-- Assigned task --
Reproduce, word for word, the lines in the material below starting with the one that has "Immobilie in Ering" and going on through the one that has "BookNoFees: Restaurante –". Leave out all pictures.

-- Data extract --
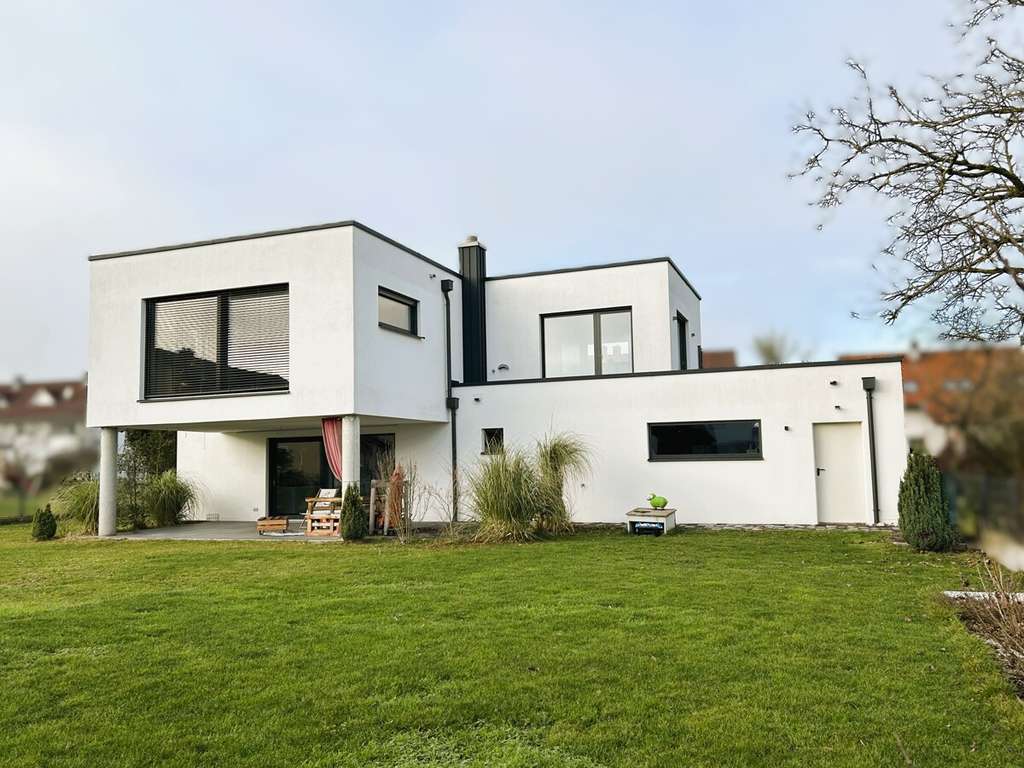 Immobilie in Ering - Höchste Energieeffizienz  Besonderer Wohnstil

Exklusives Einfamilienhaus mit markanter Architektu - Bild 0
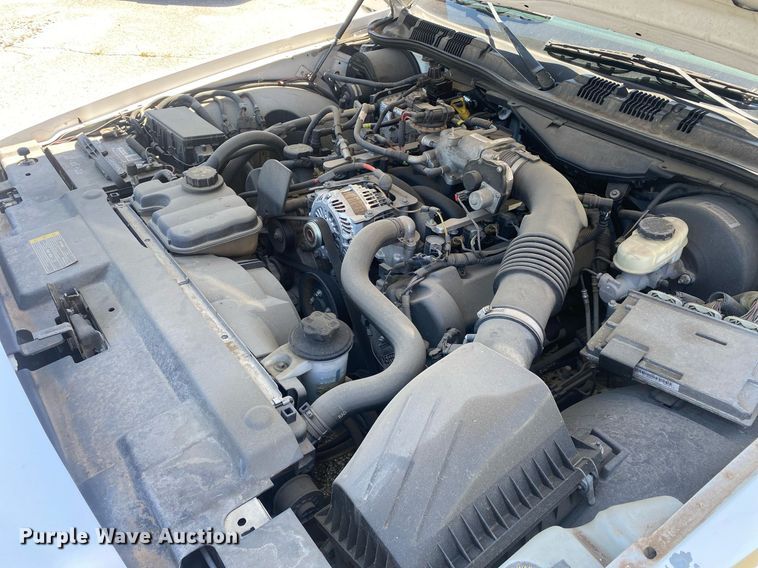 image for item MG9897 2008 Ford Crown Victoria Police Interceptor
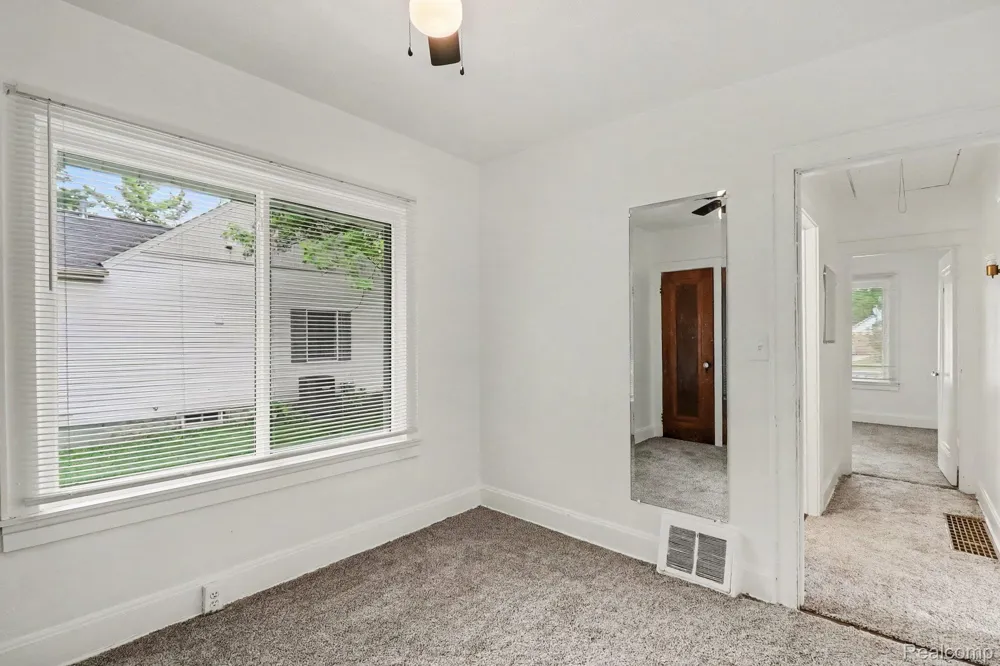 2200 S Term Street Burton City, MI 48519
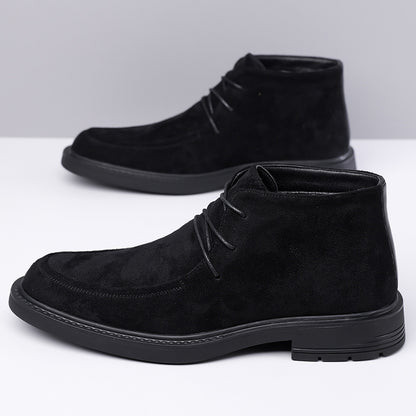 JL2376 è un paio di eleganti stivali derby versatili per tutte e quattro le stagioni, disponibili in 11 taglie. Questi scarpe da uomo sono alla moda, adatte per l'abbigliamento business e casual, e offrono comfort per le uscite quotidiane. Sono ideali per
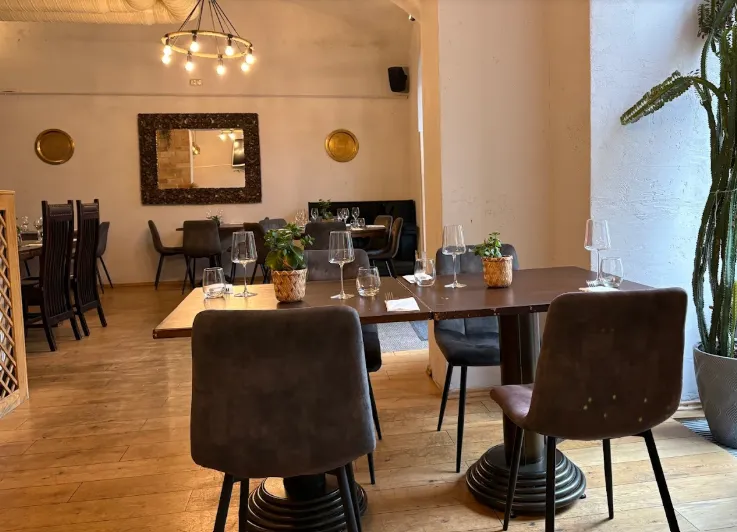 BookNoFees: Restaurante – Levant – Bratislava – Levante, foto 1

==

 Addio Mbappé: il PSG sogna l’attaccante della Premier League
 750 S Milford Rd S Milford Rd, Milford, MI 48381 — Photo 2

--

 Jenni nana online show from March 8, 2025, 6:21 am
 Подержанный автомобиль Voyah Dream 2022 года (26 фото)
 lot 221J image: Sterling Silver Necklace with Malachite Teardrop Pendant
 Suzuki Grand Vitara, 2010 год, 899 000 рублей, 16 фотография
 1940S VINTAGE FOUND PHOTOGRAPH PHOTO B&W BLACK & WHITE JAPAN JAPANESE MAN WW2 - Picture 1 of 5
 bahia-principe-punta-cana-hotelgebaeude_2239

-- Written solution --
 Immobilie in Ering - Höchste Energieeffizienz  Besonderer Wohnstil

Exklusives Einfamilienhaus mit markanter Architektu - Bild 0
 image for item MG9897 2008 Ford Crown Victoria Police Interceptor
 2200 S Term Street Burton City, MI 48519
 JL2376 è un paio di eleganti stivali derby versatili per tutte e quattro le stagioni, disponibili in 11 taglie. Questi scarpe da uomo sono alla moda, adatte per l'abbigliamento business e casual, e offrono comfort per le uscite quotidiane. Sono ideali per
 BookNoFees: Restaurante – Levant – Bratislava – Levante, foto 1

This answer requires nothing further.